By analyzing existing cross correlation between Innovator Growth 100 Accelerated and SPDR SP Kensho, you can compare the effects of market volatilities on Innovator Growth and SPDR SP and check how they will diversify away market risk if combined in the same portfolio for a given time horizon. You can also utilize pair trading strategies of matching a long position in Innovator Growth with a short position of SPDR SP. Check out your portfolio center.

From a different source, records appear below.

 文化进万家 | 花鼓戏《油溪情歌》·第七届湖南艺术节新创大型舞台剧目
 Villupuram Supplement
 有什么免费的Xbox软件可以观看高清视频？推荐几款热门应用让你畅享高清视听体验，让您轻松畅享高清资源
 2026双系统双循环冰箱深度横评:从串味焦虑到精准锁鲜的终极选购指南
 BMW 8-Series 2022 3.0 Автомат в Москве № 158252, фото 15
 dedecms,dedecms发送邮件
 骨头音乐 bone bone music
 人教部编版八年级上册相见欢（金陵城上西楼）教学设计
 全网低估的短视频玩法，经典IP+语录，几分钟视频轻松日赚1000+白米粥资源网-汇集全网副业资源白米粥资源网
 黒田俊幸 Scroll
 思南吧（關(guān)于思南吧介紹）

Please also check ongoing floating volatility patterns of Innovator Growth and SPDR SP.
Diversification Opportunities for Innovator Growth and SPDR SP
0.94 | Correlation Coefficient |
Almost no diversification
The 3 months correlation between Innovator and SPDR is 0.94. Overlapping area represents the amount of risk that can be diversified away by holding Innovator Growth 100 Accelerat and SPDR SP Kensho in the same portfolio, assuming nothing else is changed. The correlation between historical prices or returns on SPDR SP Kensho and Innovator Growth is a relative statistical measure of the degree to which these equity instruments tend to move together. The correlation coefficient measures the extent to which returns on Innovator Growth 100 Accelerated are associated (or correlated) with SPDR SP. Values of the correlation coefficient range from -1 to +1, where. The correlation of zero (0) is possible when the price movement of SPDR SP Kensho has no effect on the direction of Innovator Growth i.e., Innovator Growth and SPDR SP go up and down completely randomly.

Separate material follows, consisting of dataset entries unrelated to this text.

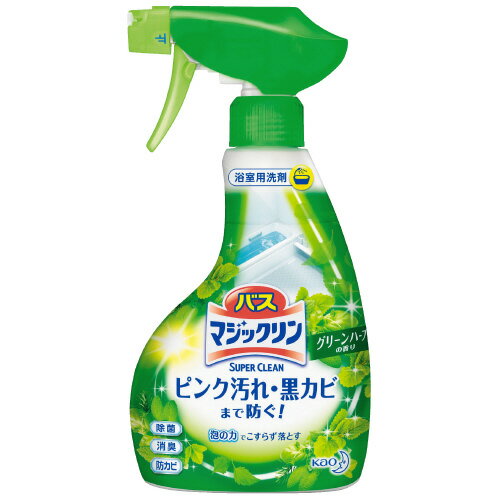 バスマジックリンSUPERCLEAN 本体 380mL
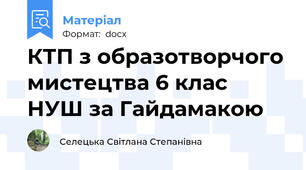 КТП з образотворчого мистецтва 6 клас НУШ за Гайдамакою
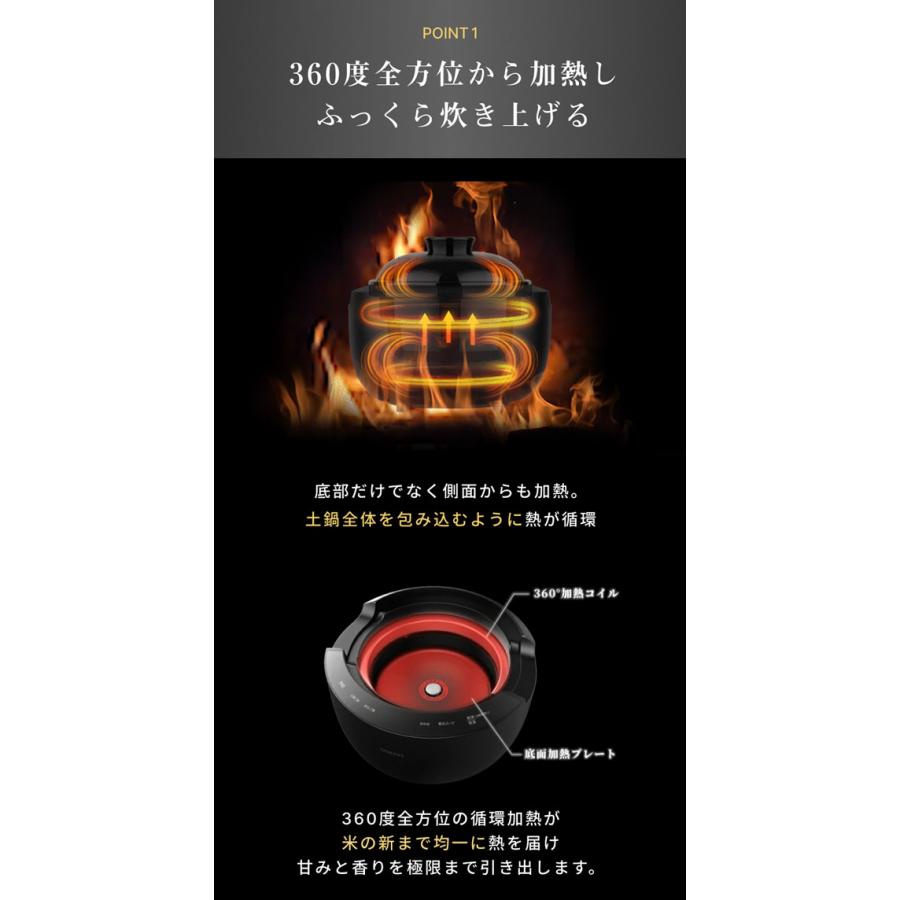 SOUYI（ソウイ） カマノ土鍋炊飯器 (送料無料) 土鍋 炊飯器 土鍋ご飯 4
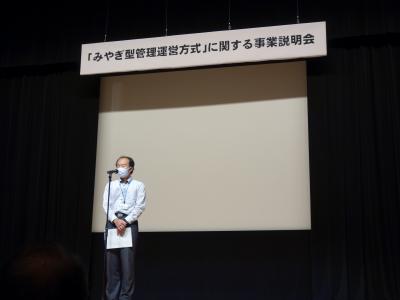 開会挨拶の様子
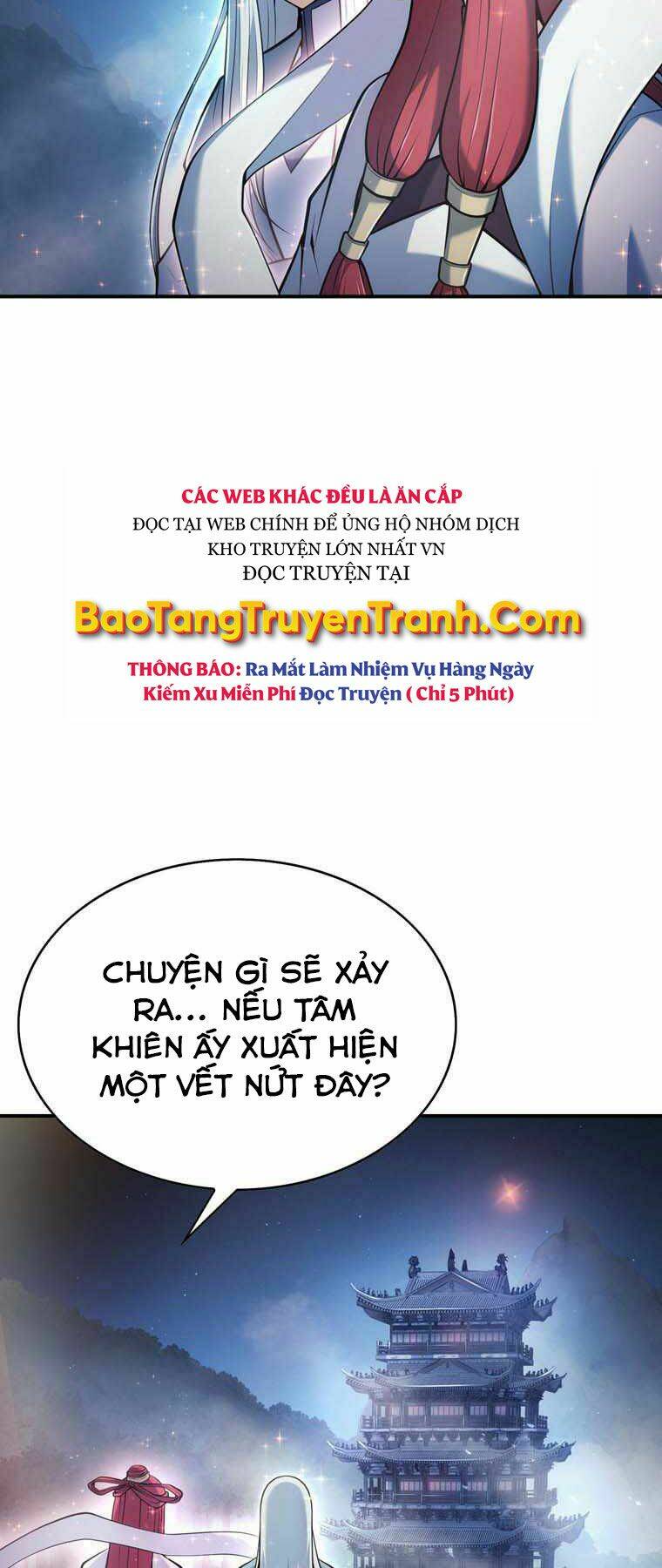 Bá Vương Chi Tinh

Pair Corralation between Innovator Growth and SPDR SP
Given the investment horizon of 90 days Innovator Growth is expected to generate 2.39 times less return on investment than SPDR SP. But when comparing it to its historical volatility, Innovator Growth 100 Accelerated is 5.17 times less risky than SPDR SP. It trades about 0.52 of its potential returns per unit of risk. SPDR SP Kensho is currently generating about 0.24 of returns per unit of risk over similar time horizon. If you would invest 5,501 in SPDR SP Kensho on September 17, 2024 and sell it today you would earn a total of 343.50 from holding SPDR SP Kensho or generate 6.24% return on investment over 90 days.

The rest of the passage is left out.